• _Activity_: With the pictures left out, please write out exactly each line from the one containing "Girl with Highlighter" through the end of the material.

• _Exercise data_:
○ ○ ○

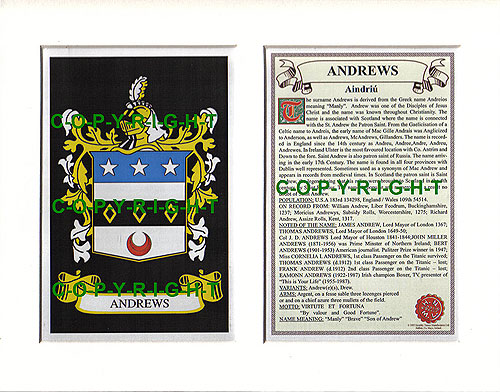 Andrews Family Crest and Name History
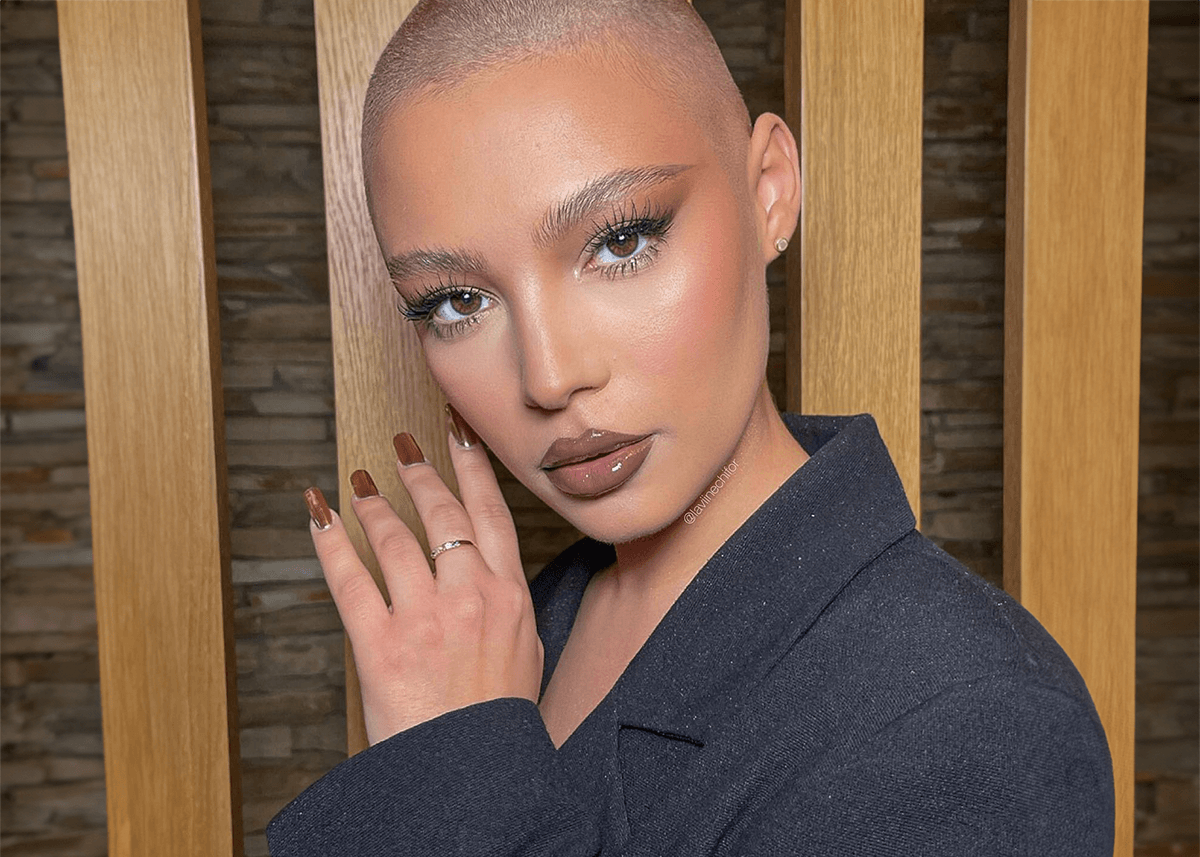 Girl with Highlighter Application Posing for Camera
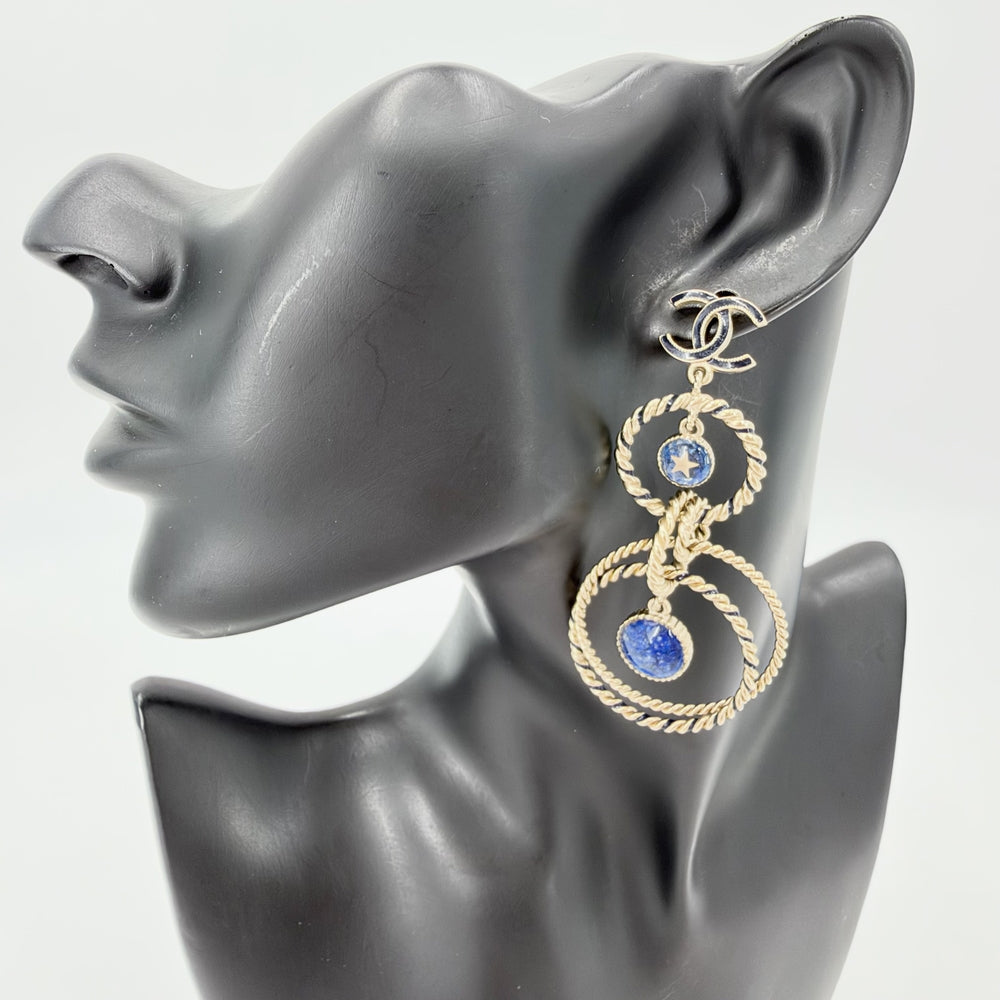 CHANEL シャネル ピアス ココマーク アクセサリー スイング 星 スター GP A19C ブルー 青 レディース 約21.7g 2019年【中古品】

○ ○ ○

• _Your response_:
 Girl with Highlighter Application Posing for Camera
 CHANEL シャネル ピアス ココマーク アクセサリー スイング 星 スター GP A19C ブルー 青 レディース 約21.7g 2019年【中古品】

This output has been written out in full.